JUDGMENT Ms. G. ROHINI, J :- These three writ petitions are filed assailing the orders passed by the Armed Forces Tribunal, Regional Bench, Chennai in OA No.64 of 2011 dated 23.11.2011, TA No.32 of 2010, dated 16.7.2010 and OA No.49 of 2011 dated 4.1.2012 respectively. 2. At the outset a preliminary objection has been raised on behalf of the respondents as to the very maintainability of the writ petitions on the ground that against the orders impugned a remedy of appeal is provided to the Supreme Court under Section 30 of the Armed Forces Tribunal Act, 2007. Since the said objection goes to the root of the matter, we propose to consider the said issue relating to maintainability of the writ petitions in the first place. 3. The Armed Forces Tribunal Act, 2007 has been enacted providing for the adjudication or trial by Armed Forces Tribunal of disputes and complaints with respect to commission, appointments, enrolment and conditions of service in respect of persons subject to the Army Act, 1950, the Navy Act, 1957 and the Air Force Act, 1950 and also to provide for appeals arising out of orders, findings or sentences of Courts-Martial held under the said Acts and for matters connected therewith or incidental thereto. Under Section 4 of the said Act, Tribunals known as the Armed Forces Tribunal has been established by the Central Government to exercise the jurisdiction, powers and authority conferred on it by or under the said Act. Section 14 of the Armed Forces Tribunal Act, 2007 provides that save as otherwise expressly provided in the said Act, the Tribunal shall exercise on and from the appointed day, all the jurisdiction, powers and authority exercisable immediately before that day by all Courts (except the Supreme Court or a High Court exercising jurisdiction under Articles 226 and 227 of the Constitution) in relation to all service matters. Section 29 further provides that subject to the other provisions of the said Act and the Rules made there under the order of the Tribunal disposing of an application shall be final and shall not be called in question in any Court and such order shall be executed accordingly. Section 30 which provides for an appeal to the Supreme Court and Section 31 which deals with leave to appeal read as under : "30.

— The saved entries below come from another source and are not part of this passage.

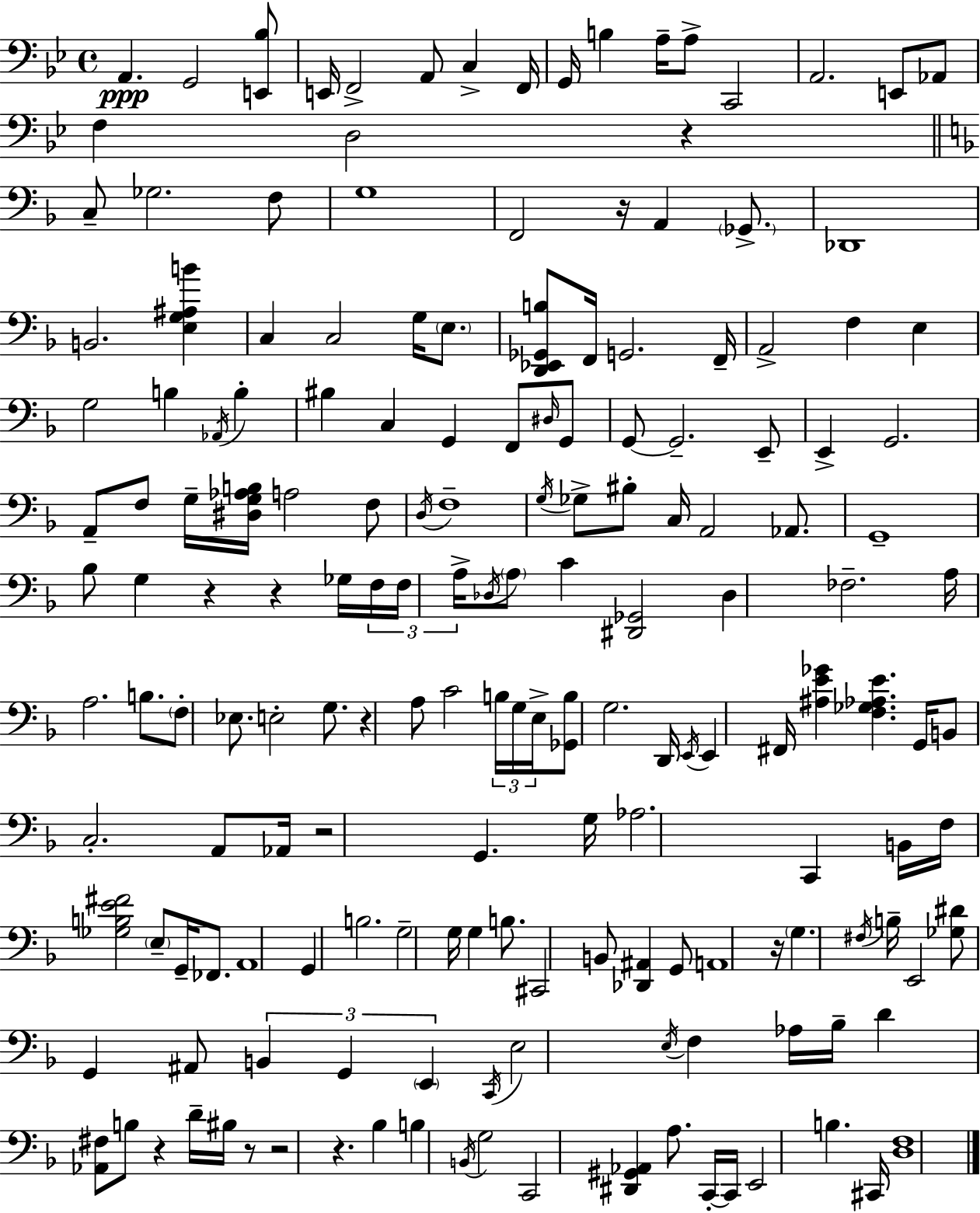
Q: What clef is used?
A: bass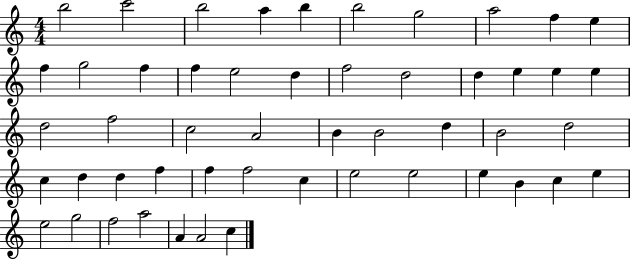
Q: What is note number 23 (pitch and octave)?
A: D5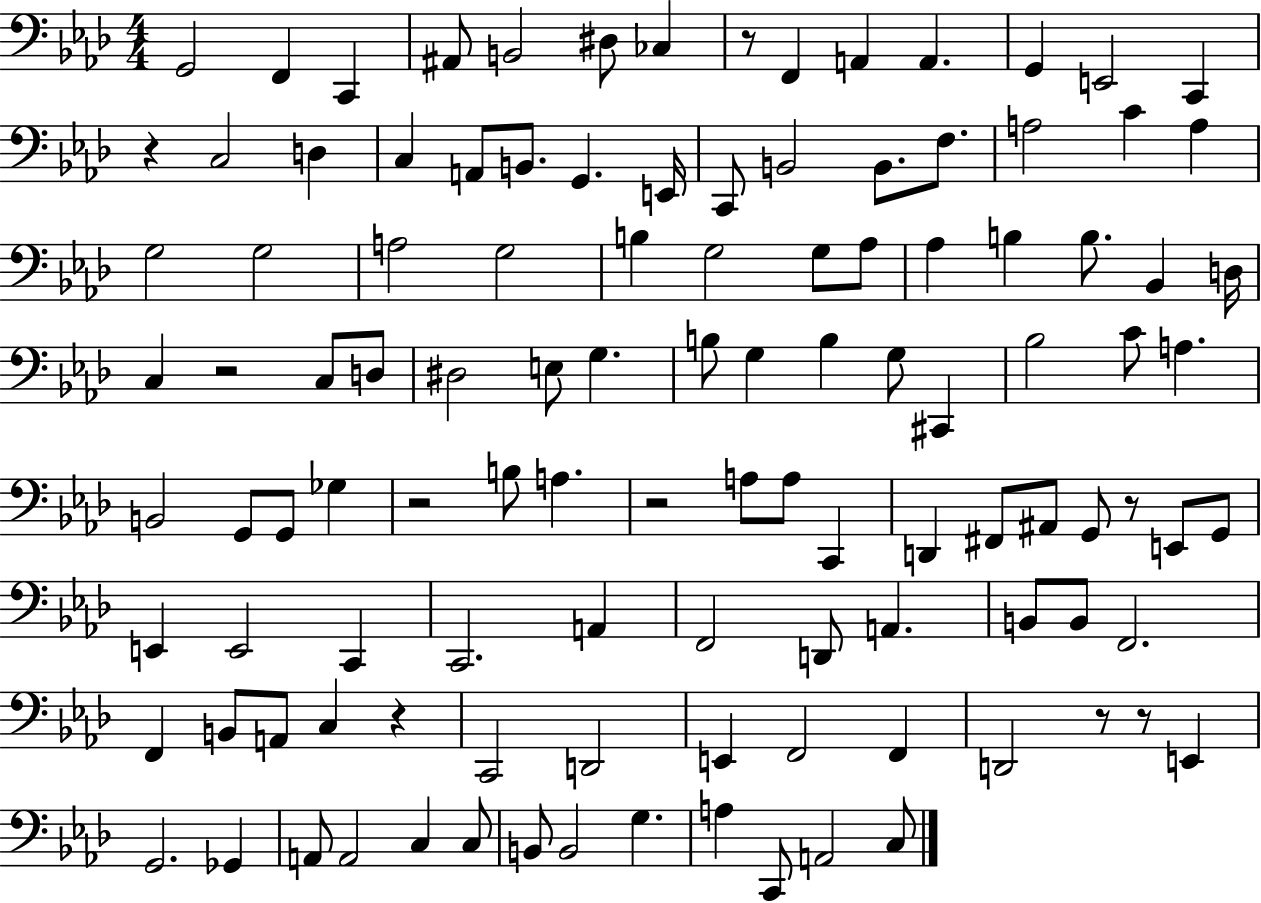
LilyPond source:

{
  \clef bass
  \numericTimeSignature
  \time 4/4
  \key aes \major
  g,2 f,4 c,4 | ais,8 b,2 dis8 ces4 | r8 f,4 a,4 a,4. | g,4 e,2 c,4 | \break r4 c2 d4 | c4 a,8 b,8. g,4. e,16 | c,8 b,2 b,8. f8. | a2 c'4 a4 | \break g2 g2 | a2 g2 | b4 g2 g8 aes8 | aes4 b4 b8. bes,4 d16 | \break c4 r2 c8 d8 | dis2 e8 g4. | b8 g4 b4 g8 cis,4 | bes2 c'8 a4. | \break b,2 g,8 g,8 ges4 | r2 b8 a4. | r2 a8 a8 c,4 | d,4 fis,8 ais,8 g,8 r8 e,8 g,8 | \break e,4 e,2 c,4 | c,2. a,4 | f,2 d,8 a,4. | b,8 b,8 f,2. | \break f,4 b,8 a,8 c4 r4 | c,2 d,2 | e,4 f,2 f,4 | d,2 r8 r8 e,4 | \break g,2. ges,4 | a,8 a,2 c4 c8 | b,8 b,2 g4. | a4 c,8 a,2 c8 | \break \bar "|."
}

Section 30 which provides for an appeal to the Supreme Court and Section 31 which deals with leave to appeal read as under : "30. Appeal to the Supreme Court.- (l) Subject to the provisions of Section 31, an appeal shall lie to the Supreme Court against the final decision or order of the Tribunal (other than an order passed under Section 19): Provided that such appeal is preferred within a period of ninety days of the said decision or order: Provided further that there shall be no appeal against an interlocutory order of the Tribunal. (2) An appeal shall lie to the Supreme Court as of right from any order or decision of the Tribunal in exercise of its jurisdiction to punish for contempt : Provided that an appeal under this subsection shall be filed in the Supreme Court within sixty days from the date of the order appealed against. (3) Pending any appeal under sub-section (2), the Supreme Court may order that- (a) the execution of the punishment or the order appealed against the suspended; or (b) if the appellant is in confinement, he be released on bail: Provided that where an appellant satisfies the Tribunal that he intends to prefer an appeal, the Tribunal may also exercise any of the powers conferred under clause (a) or clause (b), as the case may be. 31. Leave to appeal.- (1) An appeal to the Supreme Court shall lie with the leave of the Tribunal; and such leave shall not be granted unless it is certified by the Tribunal that a point of law of general public importance is involved in the decision, or it appears to the Supreme Court that the point is one which ought to be considered by that Court. (2) An application to the Tribunal for leave to appeal to the Supreme Court shall be made within a period of thirty days beginning with the date of the decision of the Tribunal and an application to the Supreme Cow1 for leave shall be made within a period of thirty days beginning with the date on which the application for leave is refused by the Tribunal.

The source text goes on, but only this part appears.